(WHAT THE TASK REQUIRES) For each record that follows, write out an identical copy.

*** Opening INFORMATION SHOWN ***

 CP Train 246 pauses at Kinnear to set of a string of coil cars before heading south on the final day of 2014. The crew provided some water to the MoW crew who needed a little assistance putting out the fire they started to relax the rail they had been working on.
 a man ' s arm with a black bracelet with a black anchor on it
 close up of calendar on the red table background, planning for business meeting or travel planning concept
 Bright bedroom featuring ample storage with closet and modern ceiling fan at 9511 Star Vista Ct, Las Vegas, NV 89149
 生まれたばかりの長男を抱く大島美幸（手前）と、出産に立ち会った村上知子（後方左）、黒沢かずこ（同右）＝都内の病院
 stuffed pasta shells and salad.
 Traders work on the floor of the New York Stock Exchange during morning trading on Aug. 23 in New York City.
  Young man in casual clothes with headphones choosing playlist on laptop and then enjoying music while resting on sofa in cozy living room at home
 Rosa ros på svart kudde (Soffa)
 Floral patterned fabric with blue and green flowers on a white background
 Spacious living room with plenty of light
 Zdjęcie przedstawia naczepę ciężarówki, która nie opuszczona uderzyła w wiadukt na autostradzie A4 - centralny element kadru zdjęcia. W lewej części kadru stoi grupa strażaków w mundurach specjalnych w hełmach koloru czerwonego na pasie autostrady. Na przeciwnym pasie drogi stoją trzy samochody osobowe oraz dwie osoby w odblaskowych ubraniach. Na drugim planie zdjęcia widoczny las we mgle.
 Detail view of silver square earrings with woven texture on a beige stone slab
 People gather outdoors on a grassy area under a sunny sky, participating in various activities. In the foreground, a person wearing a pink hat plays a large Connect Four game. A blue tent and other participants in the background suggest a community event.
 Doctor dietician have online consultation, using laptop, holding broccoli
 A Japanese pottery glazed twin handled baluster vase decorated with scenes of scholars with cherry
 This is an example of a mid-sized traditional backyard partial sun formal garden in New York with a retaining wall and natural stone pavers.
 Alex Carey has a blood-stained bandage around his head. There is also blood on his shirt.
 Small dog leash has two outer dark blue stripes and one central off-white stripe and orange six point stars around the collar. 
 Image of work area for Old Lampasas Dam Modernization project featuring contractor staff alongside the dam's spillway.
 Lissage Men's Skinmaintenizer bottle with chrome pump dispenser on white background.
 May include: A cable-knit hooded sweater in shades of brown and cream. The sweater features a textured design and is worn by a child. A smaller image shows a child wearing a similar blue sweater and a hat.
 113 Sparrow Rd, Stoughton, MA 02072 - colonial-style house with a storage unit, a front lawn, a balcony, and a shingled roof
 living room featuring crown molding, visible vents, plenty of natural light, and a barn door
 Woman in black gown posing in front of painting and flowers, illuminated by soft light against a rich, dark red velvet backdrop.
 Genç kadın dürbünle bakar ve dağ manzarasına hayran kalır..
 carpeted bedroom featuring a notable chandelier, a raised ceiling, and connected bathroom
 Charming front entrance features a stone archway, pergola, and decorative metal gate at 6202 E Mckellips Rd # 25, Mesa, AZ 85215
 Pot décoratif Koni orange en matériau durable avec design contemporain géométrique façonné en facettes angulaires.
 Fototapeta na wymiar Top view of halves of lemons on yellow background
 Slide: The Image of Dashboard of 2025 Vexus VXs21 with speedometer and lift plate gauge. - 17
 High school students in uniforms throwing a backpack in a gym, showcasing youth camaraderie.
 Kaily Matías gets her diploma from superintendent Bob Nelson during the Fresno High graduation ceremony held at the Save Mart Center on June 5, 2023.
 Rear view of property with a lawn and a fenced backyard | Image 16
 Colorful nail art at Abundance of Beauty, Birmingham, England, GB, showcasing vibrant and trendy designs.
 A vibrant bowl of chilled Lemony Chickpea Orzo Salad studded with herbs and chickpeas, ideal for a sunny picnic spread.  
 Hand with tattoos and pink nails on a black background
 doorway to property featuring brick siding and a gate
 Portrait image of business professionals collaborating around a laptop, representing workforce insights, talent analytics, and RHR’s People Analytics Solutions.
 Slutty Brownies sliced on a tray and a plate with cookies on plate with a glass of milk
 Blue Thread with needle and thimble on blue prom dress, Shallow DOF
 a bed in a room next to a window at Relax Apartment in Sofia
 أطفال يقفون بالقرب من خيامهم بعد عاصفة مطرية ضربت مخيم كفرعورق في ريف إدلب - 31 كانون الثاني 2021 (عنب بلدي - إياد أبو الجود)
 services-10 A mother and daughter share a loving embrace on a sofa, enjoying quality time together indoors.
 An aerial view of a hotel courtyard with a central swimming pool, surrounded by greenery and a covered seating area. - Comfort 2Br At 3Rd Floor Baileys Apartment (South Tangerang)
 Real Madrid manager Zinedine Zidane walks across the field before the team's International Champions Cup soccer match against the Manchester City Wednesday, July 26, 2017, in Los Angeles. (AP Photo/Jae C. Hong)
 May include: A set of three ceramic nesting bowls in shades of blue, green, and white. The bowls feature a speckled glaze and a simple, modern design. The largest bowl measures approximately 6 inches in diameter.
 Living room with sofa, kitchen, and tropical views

*** Closing INFORMATION SHOWN ***

(RESULT OF THE EXERCISE)
 CP Train 246 pauses at Kinnear to set of a string of coil cars before heading south on the final day of 2014. The crew provided some water to the MoW crew who needed a little assistance putting out the fire they started to relax the rail they had been working on.
 a man ' s arm with a black bracelet with a black anchor on it
 close up of calendar on the red table background, planning for business meeting or travel planning concept
 Bright bedroom featuring ample storage with closet and modern ceiling fan at 9511 Star Vista Ct, Las Vegas, NV 89149
 生まれたばかりの長男を抱く大島美幸（手前）と、出産に立ち会った村上知子（後方左）、黒沢かずこ（同右）＝都内の病院
 stuffed pasta shells and salad.
 Traders work on the floor of the New York Stock Exchange during morning trading on Aug. 23 in New York City.
  Young man in casual clothes with headphones choosing playlist on laptop and then enjoying music while resting on sofa in cozy living room at home
 Rosa ros på svart kudde (Soffa)
 Floral patterned fabric with blue and green flowers on a white background
 Spacious living room with plenty of light
 Zdjęcie przedstawia naczepę ciężarówki, która nie opuszczona uderzyła w wiadukt na autostradzie A4 - centralny element kadru zdjęcia. W lewej części kadru stoi grupa strażaków w mundurach specjalnych w hełmach koloru czerwonego na pasie autostrady. Na przeciwnym pasie drogi stoją trzy samochody osobowe oraz dwie osoby w odblaskowych ubraniach. Na drugim planie zdjęcia widoczny las we mgle.
 Detail view of silver square earrings with woven texture on a beige stone slab
 People gather outdoors on a grassy area under a sunny sky, participating in various activities. In the foreground, a person wearing a pink hat plays a large Connect Four game. A blue tent and other participants in the background suggest a community event.
 Doctor dietician have online consultation, using laptop, holding broccoli
 A Japanese pottery glazed twin handled baluster vase decorated with scenes of scholars with cherry
 This is an example of a mid-sized traditional backyard partial sun formal garden in New York with a retaining wall and natural stone pavers.
 Alex Carey has a blood-stained bandage around his head. There is also blood on his shirt.
 Small dog leash has two outer dark blue stripes and one central off-white stripe and orange six point stars around the collar. 
 Image of work area for Old Lampasas Dam Modernization project featuring contractor staff alongside the dam's spillway.
 Lissage Men's Skinmaintenizer bottle with chrome pump dispenser on white background.
 May include: A cable-knit hooded sweater in shades of brown and cream. The sweater features a textured design and is worn by a child. A smaller image shows a child wearing a similar blue sweater and a hat.
 113 Sparrow Rd, Stoughton, MA 02072 - colonial-style house with a storage unit, a front lawn, a balcony, and a shingled roof
 living room featuring crown molding, visible vents, plenty of natural light, and a barn door
 Woman in black gown posing in front of painting and flowers, illuminated by soft light against a rich, dark red velvet backdrop.
 Genç kadın dürbünle bakar ve dağ manzarasına hayran kalır..
 carpeted bedroom featuring a notable chandelier, a raised ceiling, and connected bathroom
 Charming front entrance features a stone archway, pergola, and decorative metal gate at 6202 E Mckellips Rd # 25, Mesa, AZ 85215
 Pot décoratif Koni orange en matériau durable avec design contemporain géométrique façonné en facettes angulaires.
 Fototapeta na wymiar Top view of halves of lemons on yellow background
 Slide: The Image of Dashboard of 2025 Vexus VXs21 with speedometer and lift plate gauge. - 17
 High school students in uniforms throwing a backpack in a gym, showcasing youth camaraderie.
 Kaily Matías gets her diploma from superintendent Bob Nelson during the Fresno High graduation ceremony held at the Save Mart Center on June 5, 2023.
 Rear view of property with a lawn and a fenced backyard | Image 16
 Colorful nail art at Abundance of Beauty, Birmingham, England, GB, showcasing vibrant and trendy designs.
 A vibrant bowl of chilled Lemony Chickpea Orzo Salad studded with herbs and chickpeas, ideal for a sunny picnic spread.  
 Hand with tattoos and pink nails on a black background
 doorway to property featuring brick siding and a gate
 Portrait image of business professionals collaborating around a laptop, representing workforce insights, talent analytics, and RHR’s People Analytics Solutions.
 Slutty Brownies sliced on a tray and a plate with cookies on plate with a glass of milk
 Blue Thread with needle and thimble on blue prom dress, Shallow DOF
 a bed in a room next to a window at Relax Apartment in Sofia
 أطفال يقفون بالقرب من خيامهم بعد عاصفة مطرية ضربت مخيم كفرعورق في ريف إدلب - 31 كانون الثاني 2021 (عنب بلدي - إياد أبو الجود)
 services-10 A mother and daughter share a loving embrace on a sofa, enjoying quality time together indoors.
 An aerial view of a hotel courtyard with a central swimming pool, surrounded by greenery and a covered seating area. - Comfort 2Br At 3Rd Floor Baileys Apartment (South Tangerang)
 Real Madrid manager Zinedine Zidane walks across the field before the team's International Champions Cup soccer match against the Manchester City Wednesday, July 26, 2017, in Los Angeles. (AP Photo/Jae C. Hong)
 May include: A set of three ceramic nesting bowls in shades of blue, green, and white. The bowls feature a speckled glaze and a simple, modern design. The largest bowl measures approximately 6 inches in diameter.
 Living room with sofa, kitchen, and tropical views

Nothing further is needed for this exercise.